A pesar del actual cacareo de respeto, apertura mental y buenismo rampante, seguimos viviendo esclavitudes, racismos, desigualdades, diferencias y discriminaciones que se arrojan groseramente a los rostros de los que menos tienen y más necesitan, o a las caras de las víctimas favoritas que suelen ser todos aquellos que salmonean contra la corriente.

Por todo eso aún demasiados homosexuales (LGTB, CBS, NBC, CIA, KGB, CNN, BB King) siguen en el armario, de lo contrario serían señalados; por eso tantos ancianos despiertan los domingo sin comida, la seguridad social es una broma que tratan de erradicar el capitalismo caníbal, el neoliberalismo de Friedman y la tecnocracia ignorante; por eso una mujer sin poder tiene que ignorar las peticiones marranas de su jefe o enfrentar el desempleo con cargos de difamación; por eso niñas y niños son abducidos en parques para convertirse contra su voluntad en atracciones turísticas sexuales o parte de un harem de un jeque árabe o empresario europeo; por eso los políticos se entremezclan con el crimen, el tráfico de drogas, de armas y con el terrorismo, son todo lo mismo; por eso no falta el imbécil ignorante extremista religioso dispuesto a morir por lo que su supositorio dios ordena, o hacer morir inocentes por la misma razón.

Podrás argumentar que hoy en el mundo hay menos violencia que antes, yo lo dudo. Para mí podrán cambiar los escenarios y las tecnologías, pero seguimos actuando en la misma tragedia bestial de siempre.

Esperando la Aurora

Ha sido una larga noche en vela.

Llena de aterradores pensamientos sin esperanza.

Soy testigo claro, iluminado por el eco de los tiempos,

de que no tiene caso apostarle al mañana… los dados están recargados.

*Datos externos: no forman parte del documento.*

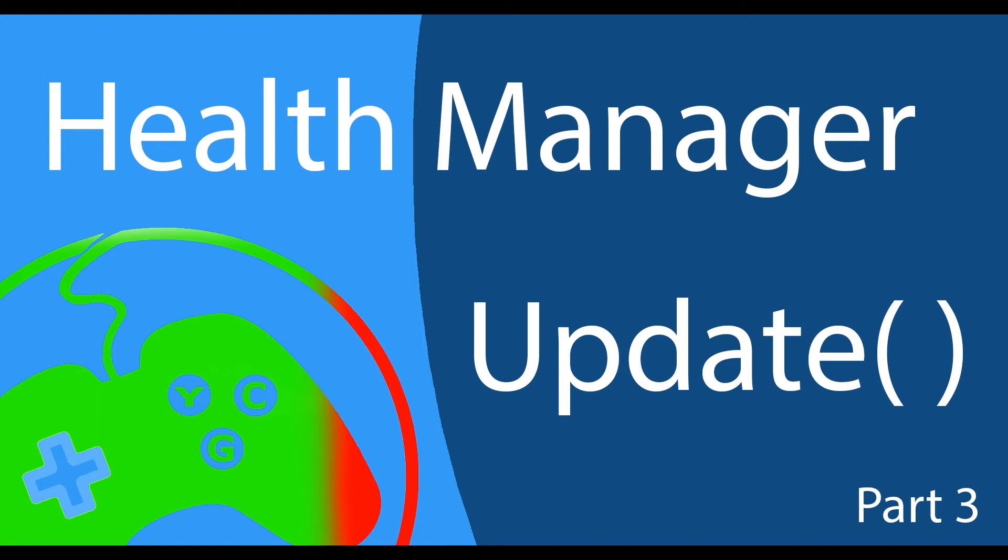Hey game devs, this is Dan with YouContributeGames and in this video we're going to continue our Health Manager tutorial series by taking a look at the update function.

Sin embargo aquí estoy, respirando y pensando, esperando la aurora.

La vida es corta para muchos.

Principalmente para aquellos que no la saben vivir.

Para quienes cada día es una rutina y cada noche una ruina,

esos son los dopados con series, canciones en serie, modas inmundas y dispositivos sometedores.

La vida es corta sobre todo para quienes no tienen ni idea de lo que es la libertad.

Al final nada importa y sin embargo aquí estoy, esperando la aurora.

La soledad no es una maldición, el abandono sí, y estos son tan hermanos como Abel y Caín.

De arriba nos hacen creer que no estamos solos, cuando en realidad acá abajo estamos abandonados.

La vida no tiene ninguna razón ni motivo en sí, está en nosotros crear el nuestro, y seguirlo.

Pero somos pereza viviente, preferimos todo empaquetado, a pesar de que el precio a pagar sea nuestra propia destrucción.

A veces es difícil seguir por aquí y sin embargo aquí sigo, respirando y pensando, esperando la aurora.